-- Opening Marker --

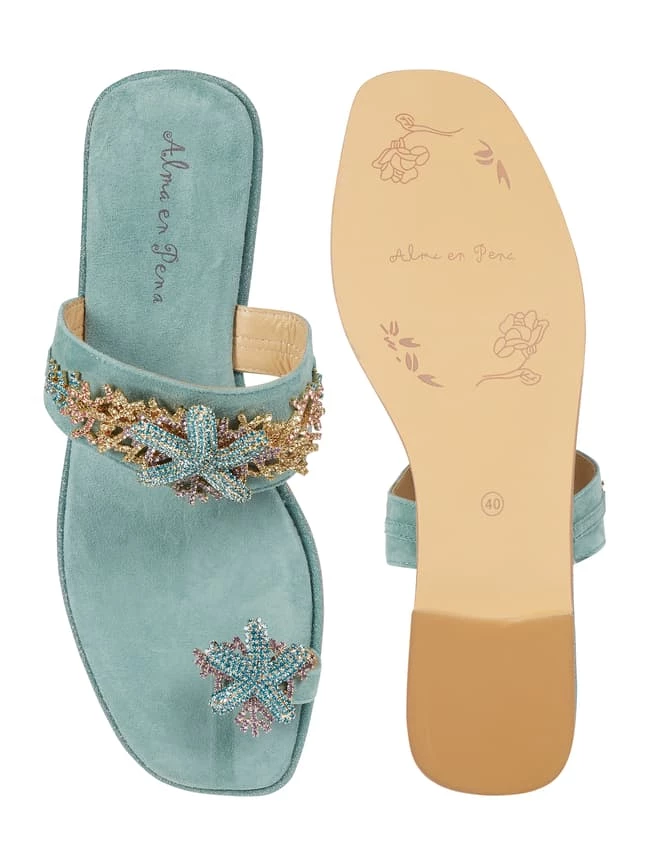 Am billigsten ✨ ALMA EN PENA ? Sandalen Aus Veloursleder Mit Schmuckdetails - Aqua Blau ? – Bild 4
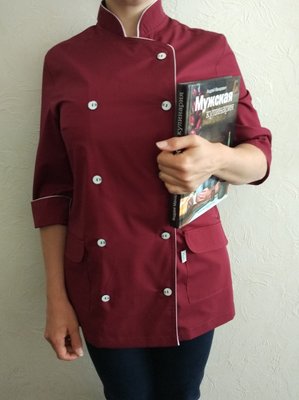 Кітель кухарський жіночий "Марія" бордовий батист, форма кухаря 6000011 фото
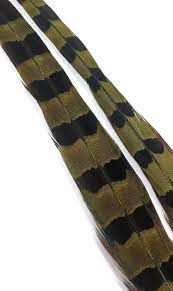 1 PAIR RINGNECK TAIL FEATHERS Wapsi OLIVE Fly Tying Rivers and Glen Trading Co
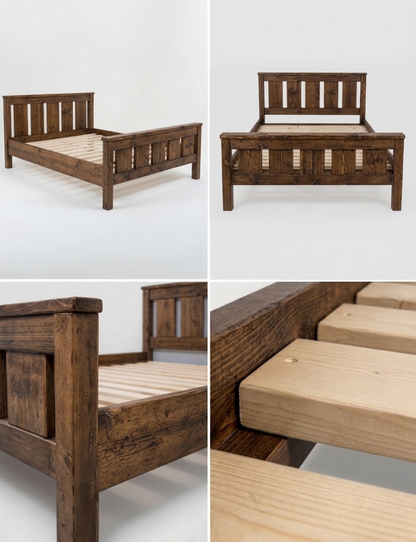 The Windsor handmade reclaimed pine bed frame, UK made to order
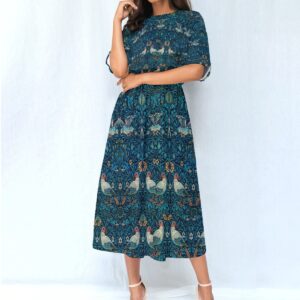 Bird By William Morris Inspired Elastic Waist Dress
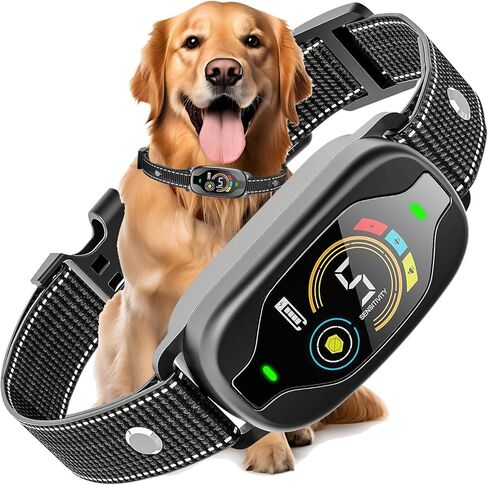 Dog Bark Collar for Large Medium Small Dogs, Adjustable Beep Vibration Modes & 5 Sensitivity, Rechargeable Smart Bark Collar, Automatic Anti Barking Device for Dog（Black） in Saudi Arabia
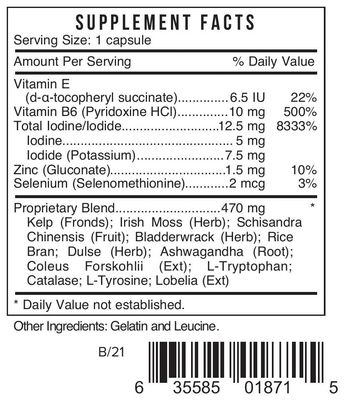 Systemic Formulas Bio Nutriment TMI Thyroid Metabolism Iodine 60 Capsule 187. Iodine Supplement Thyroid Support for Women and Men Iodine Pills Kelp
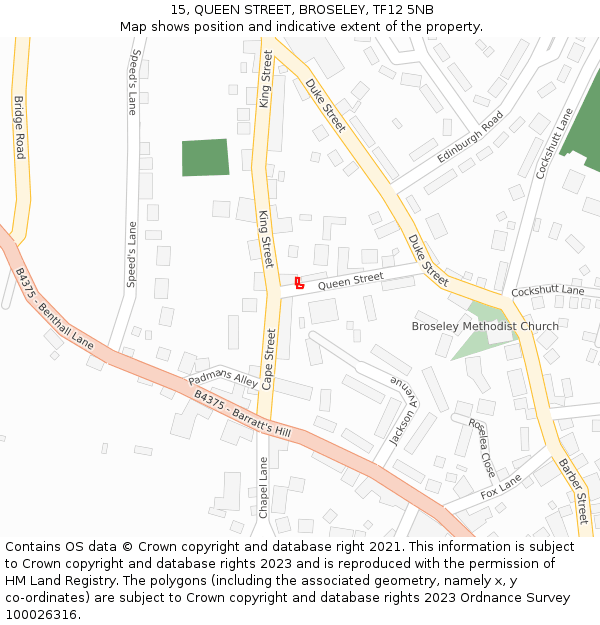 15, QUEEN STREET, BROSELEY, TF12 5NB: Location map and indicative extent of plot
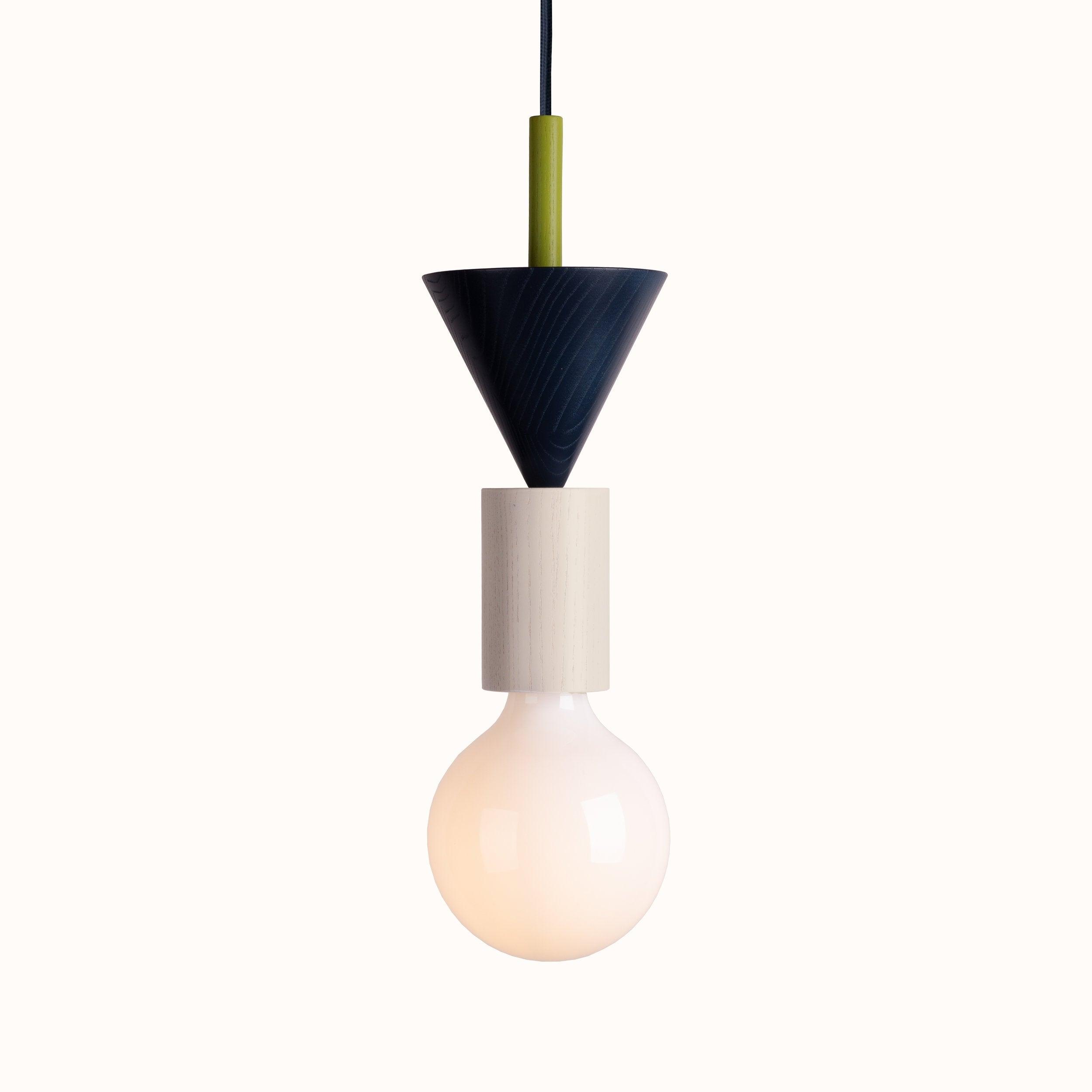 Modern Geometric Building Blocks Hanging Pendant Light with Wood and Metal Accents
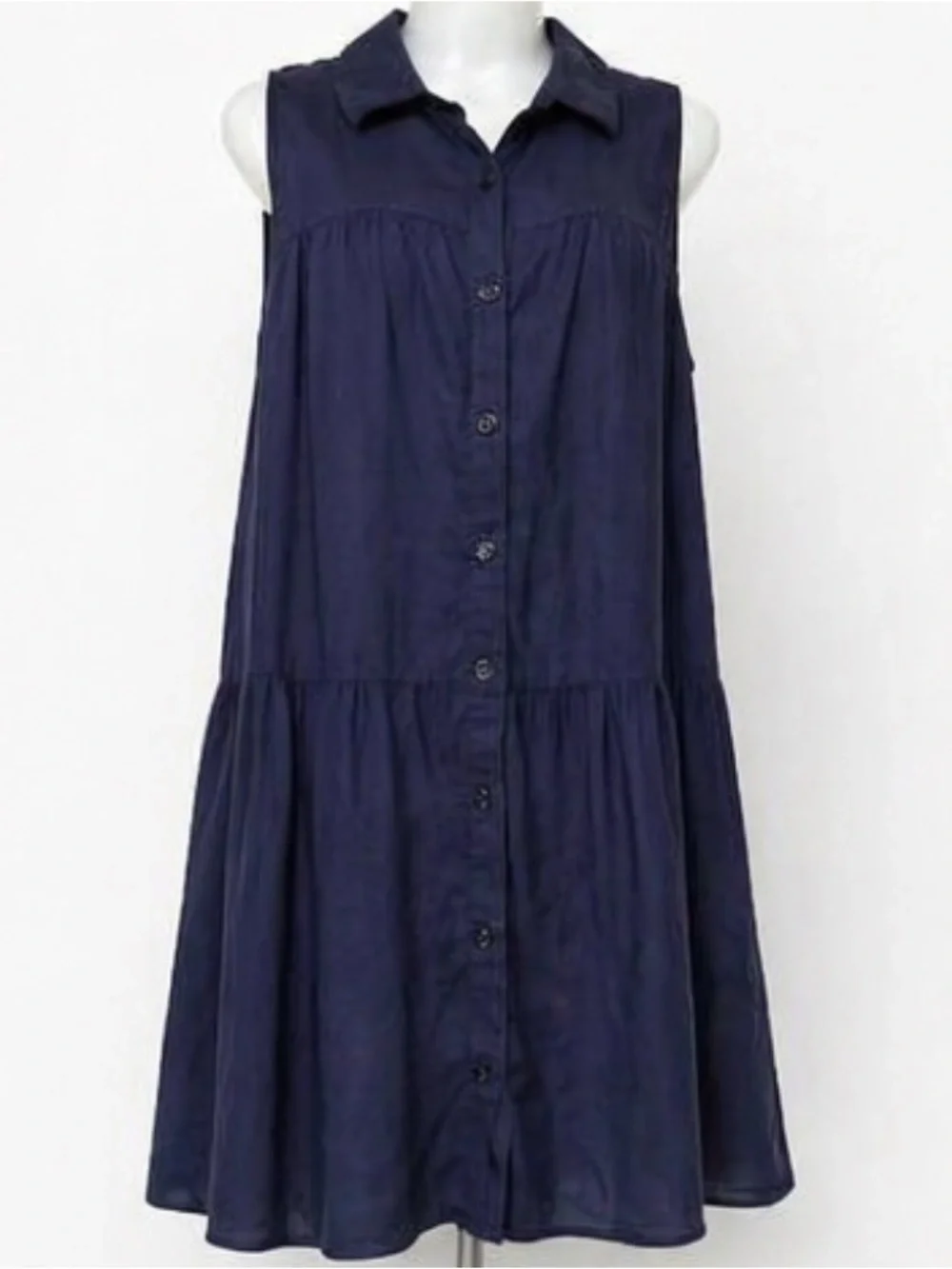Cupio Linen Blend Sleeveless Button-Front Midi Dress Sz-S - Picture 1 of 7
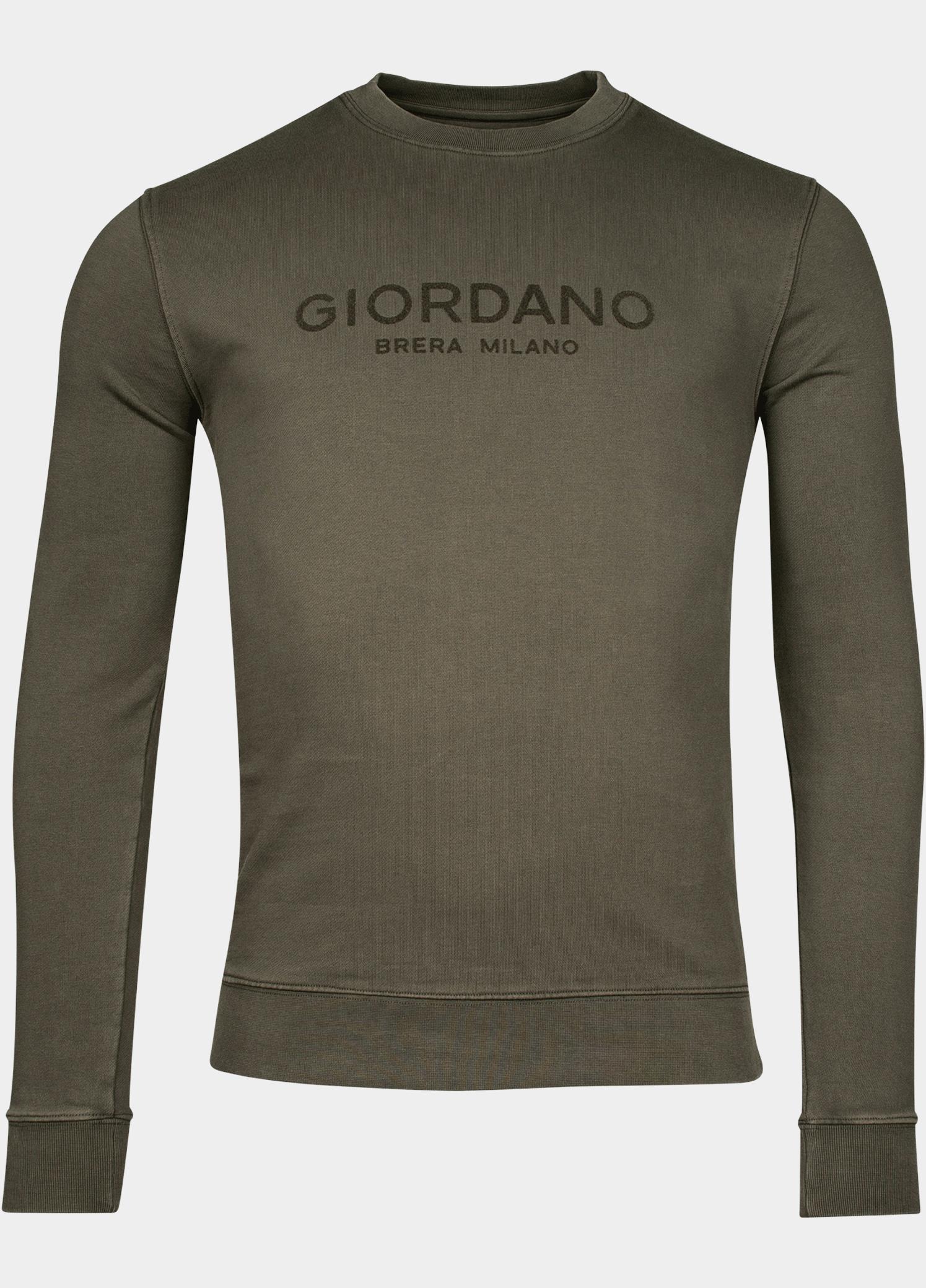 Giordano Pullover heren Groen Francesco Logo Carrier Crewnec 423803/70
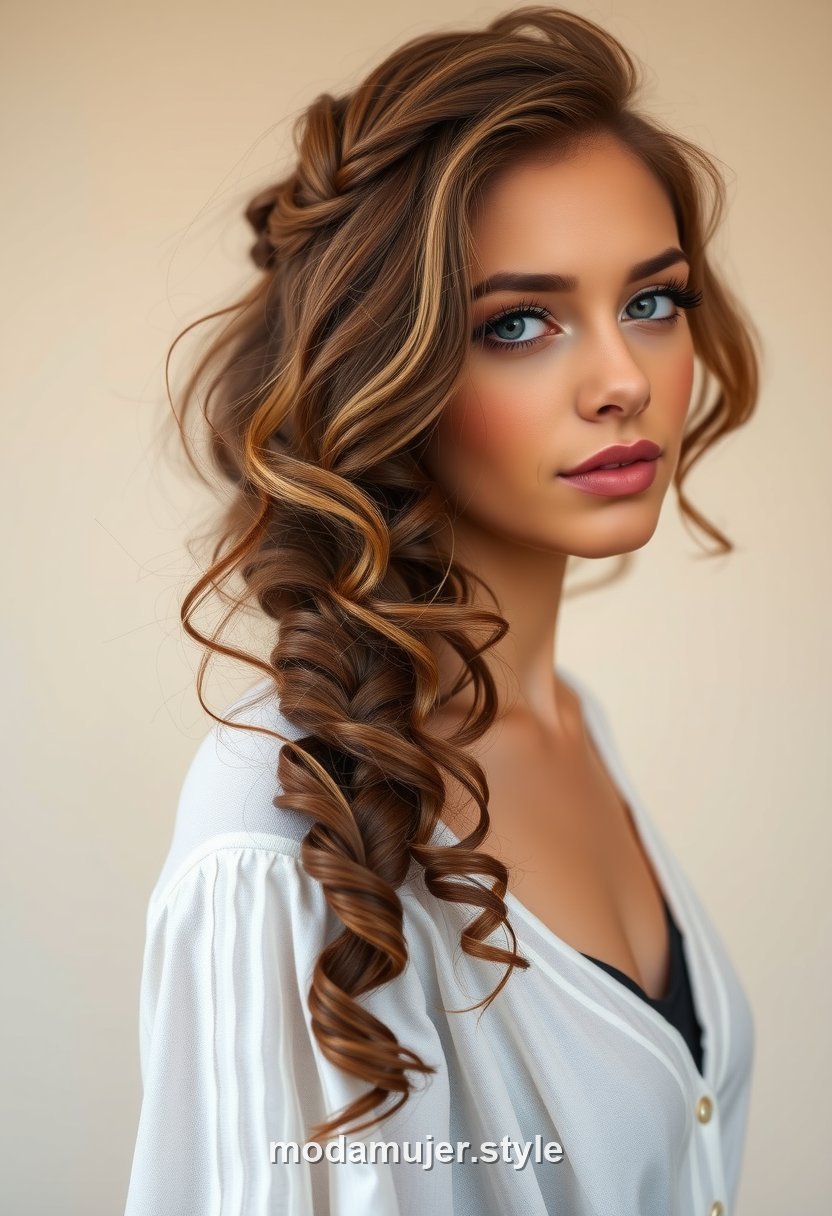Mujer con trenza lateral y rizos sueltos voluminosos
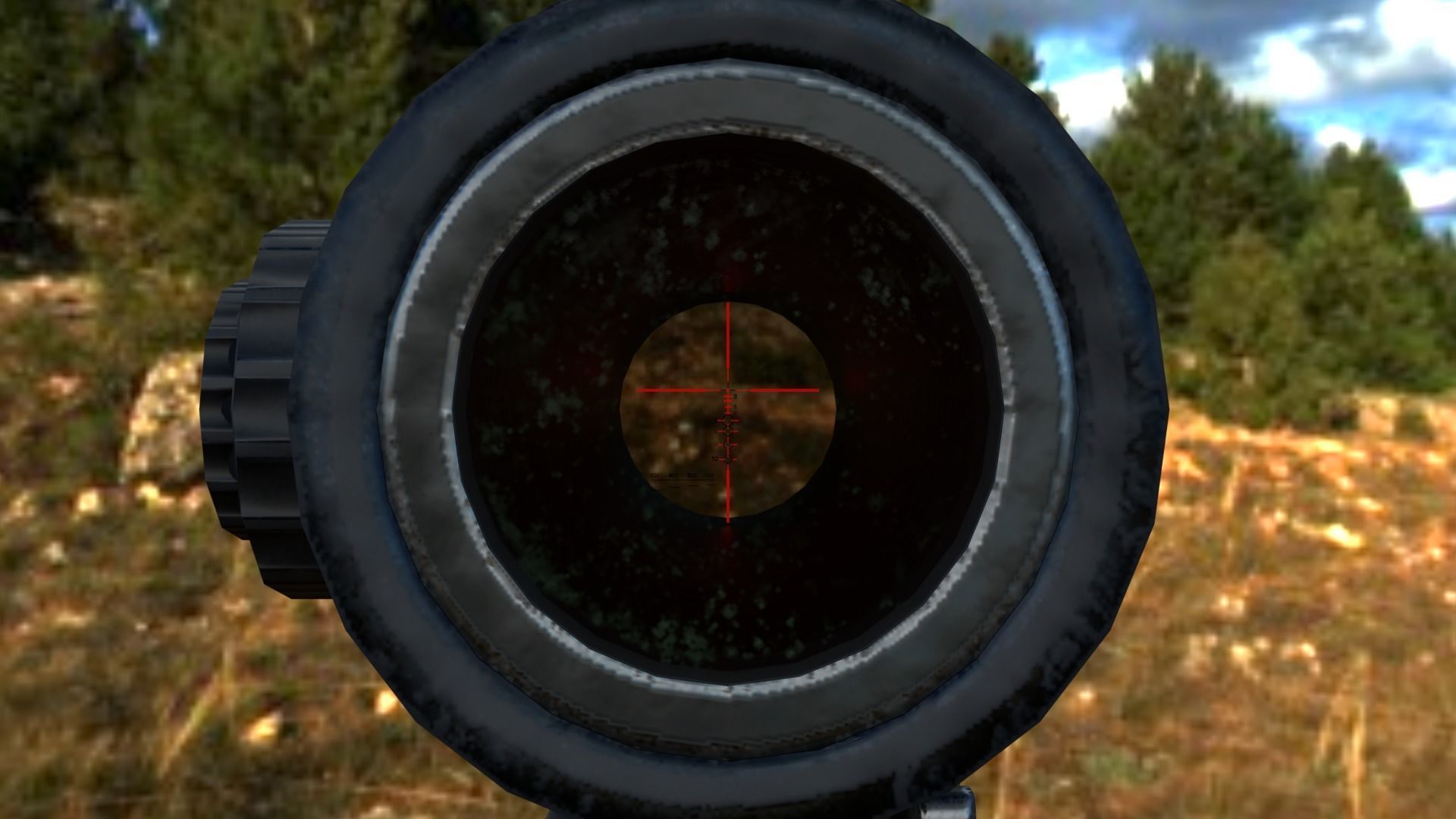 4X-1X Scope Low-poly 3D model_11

-- Closing Marker --

## Instructions to follow
Set down each line of the material exactly and skip every image.

## Response
 Am billigsten ✨ ALMA EN PENA ? Sandalen Aus Veloursleder Mit Schmuckdetails - Aqua Blau ? – Bild 4
 Кітель кухарський жіночий "Марія" бордовий батист, форма кухаря 6000011 фото
 1 PAIR RINGNECK TAIL FEATHERS Wapsi OLIVE Fly Tying Rivers and Glen Trading Co
 The Windsor handmade reclaimed pine bed frame, UK made to order
 Bird By William Morris Inspired Elastic Waist Dress
 Dog Bark Collar for Large Medium Small Dogs, Adjustable Beep Vibration Modes & 5 Sensitivity, Rechargeable Smart Bark Collar, Automatic Anti Barking Device for Dog（Black） in Saudi Arabia
 Systemic Formulas Bio Nutriment TMI Thyroid Metabolism Iodine 60 Capsule 187. Iodine Supplement Thyroid Support for Women and Men Iodine Pills Kelp
 15, QUEEN STREET, BROSELEY, TF12 5NB: Location map and indicative extent of plot
 Modern Geometric Building Blocks Hanging Pendant Light with Wood and Metal Accents
Cupio Linen Blend Sleeveless Button-Front Midi Dress Sz-S - Picture 1 of 7
 Giordano Pullover heren Groen Francesco Logo Carrier Crewnec 423803/70
Mujer con trenza lateral y rizos sueltos voluminosos
 4X-1X Scope Low-poly 3D model_11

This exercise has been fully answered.